JOHANNESBURG (Reuters) - South Africa’s gold mines agreed a wage deal with unions on Thursday as the bulk of the gold sector’s striking miners returned to work under threat of dismissal.
The returns marked success of a sort for a new tough approach by mining firms, but at least 12,000 gold and 20,000 platinum miners were still pursuing a wave of unofficial strikes that have cost Africa’s largest economy over 10 billion rand ($1.14 billion) this year, according to the National Treasury.
About 100,000 workers in all have downed tools across South Africa since August in a wave of violent strikes that have triggered downgrades of South Africa’s credit ratings, and awkward questions for President Jacob Zuma and the ruling ANC.
After three weeks of negotiations, the National Union of Mineworkers (NUM) and the gold industry, which employs around 157,000, announced agreement on wage increases of between 1.5 and 10.8 percent for different categories of mine workers.

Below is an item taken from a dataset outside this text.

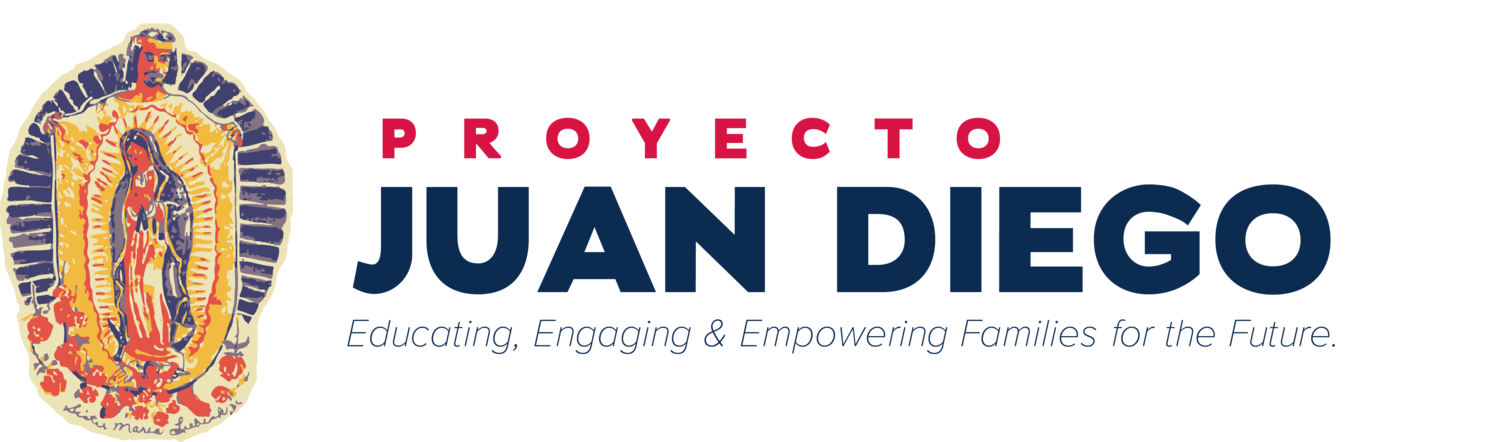 Proyecto Juan Diego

Harmony Gold, South Africa’s third-largest producer, said most of the 5,400 strikers at its Kusasalethu mine were now back at work. Strikes at Gold Fields’ three mines are also now over.
“Stability in the gold mining industry has been achieved at many of the operations and there are hopes that this trend will continue,” said Chamber of Mines executive Elize Strydom.
But AngloGold Ashanti, South Africa’s biggest producer, said on Wednesday it had sacked around half of its 24,000-strong local workforce who had ignored an ultimatum to return to work or be fired.
And a six-week strike at Anglo American Platinum (Amplats), the world’s top producer of the metal, is no closer to ending, with 20,500 workers at its Union and Amandelbult operations still holding out for higher wages.
Amplats has also sacked 12,000 wildcat strikers at its Rustenburg mines.
Zuma has come in for particular criticism for not responding faster to the August 16 police killing of 34 strikers at Lonmin’s Marikana platinum mine, the bloodiest security incident since the end of white-minority rule in 1994.
Reluctant to take a hard line in the weeks after the “Marikana massacre”, Amplats and then gold firms led by Gold Fields have since got increasingly tough with the strikers, issuing threats of mass sackings.
Finance Minister Pravin Gordhan cut South Africa’s GDP forecast for the year to 2.5 percent from 2.7 percent and said it would take the government some time to determine the full impact of the mining strife on growth.
“Declining mining output and the spread of strike activity has depressed activity in related industries including manufacturing, logistics and services, with negative consequences for GDP,” the Treasury said in its interim budget policy statement.
In the year to August, mining output fell by 3.3 percent, with production of platinum group metals 15.3 percent lower, although strong iron ore demand from China helped offset some of the decline in the platinum, gold and coal sectors, it added.
Amplats on Thursday cut its full-year production target and capital expenditure plans after revealing that the walkouts had sliced 138,000 ounces off output, $217 million at today’s price.